Era obvio que aquellos sujetos no aceptarían un no por respuesta, así que no tuve más opción que salir de allí a regañadientes y caminar con desgano hacia el lobby.

—Creí que te quedarías a dormir con tu novio —dijo el recepcionista al verme pasar.

—Me quedaré, solo que el doctor Greene le está aplicando una especie de tratamiento y...

—Espera un segundo —me interrumpió—. ¿Acabas de decir Greene?

—Sí, ¿por qué tanto alboroto?

—Porque durante el año y medio que llevo trabajando aquí, jamás he visto en la lista de empleados a alguien con ese nombre —se rascó la nuca—. ¿Estás segura de que escuchaste bien?

—Sí, totalmente —asentí, cada vez más preocupada—. Venía acompañado por otros dos sujetos.

—Oh mierda, espérame aquí.

Sin darme tiempo de pedirle explicaciones, el chico saltó el escritorio de la recepción y corrió con rumbo al pasillo. Luego de un par de minutos, volvió bastante ajetreado, y a juzgar por su expresión, no traía buenas noticias.

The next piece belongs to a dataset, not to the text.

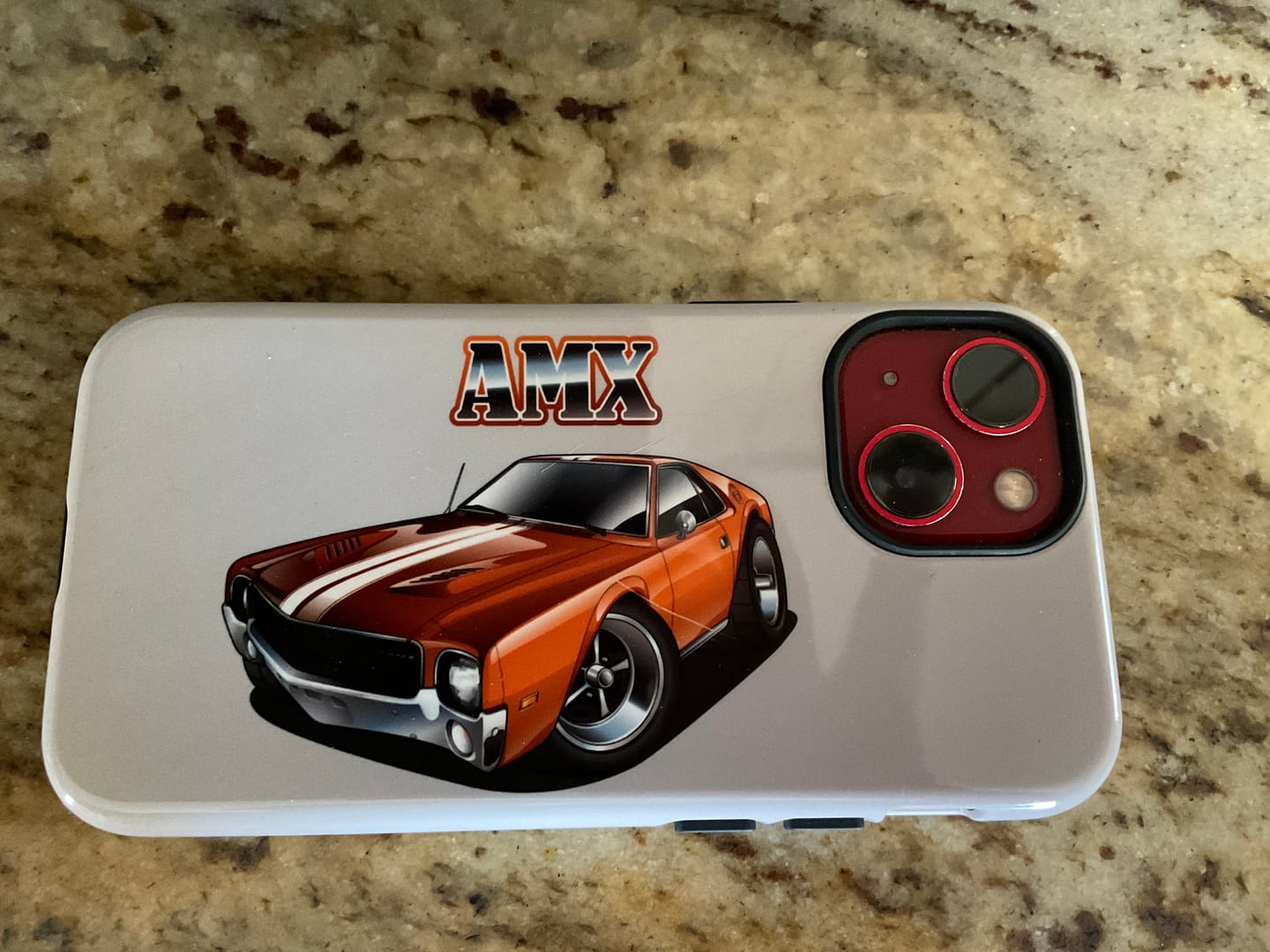 Phone Cases Phone Cases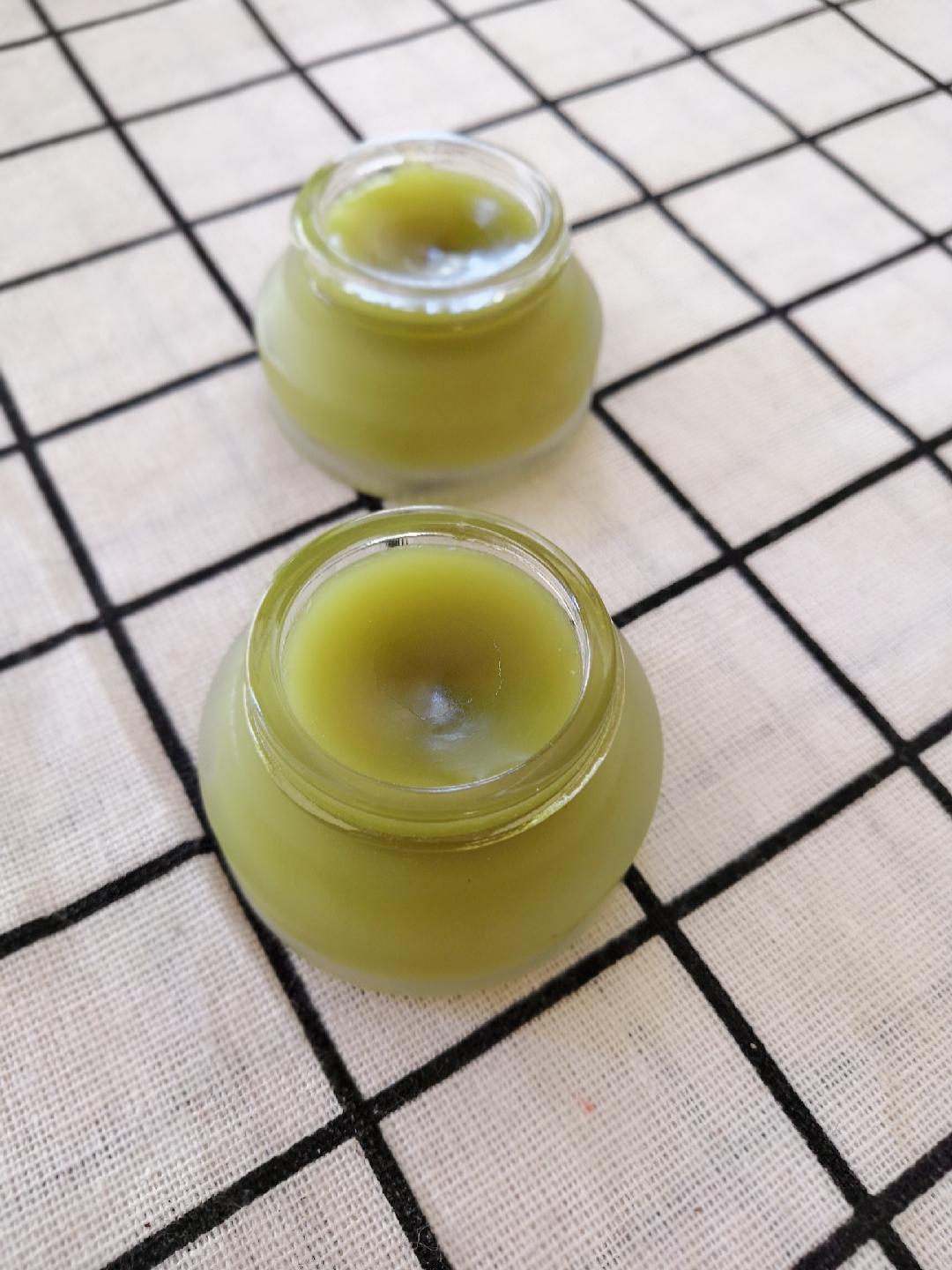 归莱 芳疗鼻鼻膏 通鼻膏20g 鼻炎鼻粘膜修复通鼻干燥上火在类目 美容护肤/美体/精油, 精油芳疗, 复方精油中 - 来自Buy2taobao.com提供专业的淘宝代购服务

—Odio decirte esto —jadeó, tratando de recuperar el aliento.

—¿Qué cosa? —grité, tomándolo por los hombros—. ¡Solo dilo!

—Taylor no está en su habitación —al escuchar esto, mi mundo se derrumbó. Eso era imposible.

No podían llevárselo, ¿o sí?

—Escucha —me pidió el recepcionista—, llamaré a seguridad y nos encargaremos de que nadie pueda entrar o salir de aquí hasta que aparezca.

—Bien —asentí—, me quedaré a esperarlo.

—Nada de eso, ve a casa y descansa, te avisaré cuando lo encontremos.

—Pero yo...

—Esta vez no hay pero que valga, ve a casa.

—No puedes obligarme —crucé los brazos.

—Claro que puedo —afirmó—. Si no te vas por las buenas, llamaré a seguridad.

Me sentí tentada a desafiarlo, pero sabía que, si lo hacía, era probable que solo consiguiera retrasar la búsqueda. Resignada, le enseñé el dedo medio y salí hacia la parada de autobuses. Por suerte, no tuve que esperar mucho, y al cabo de unos cinco minutos, apareció uno con rumbo a mi destino.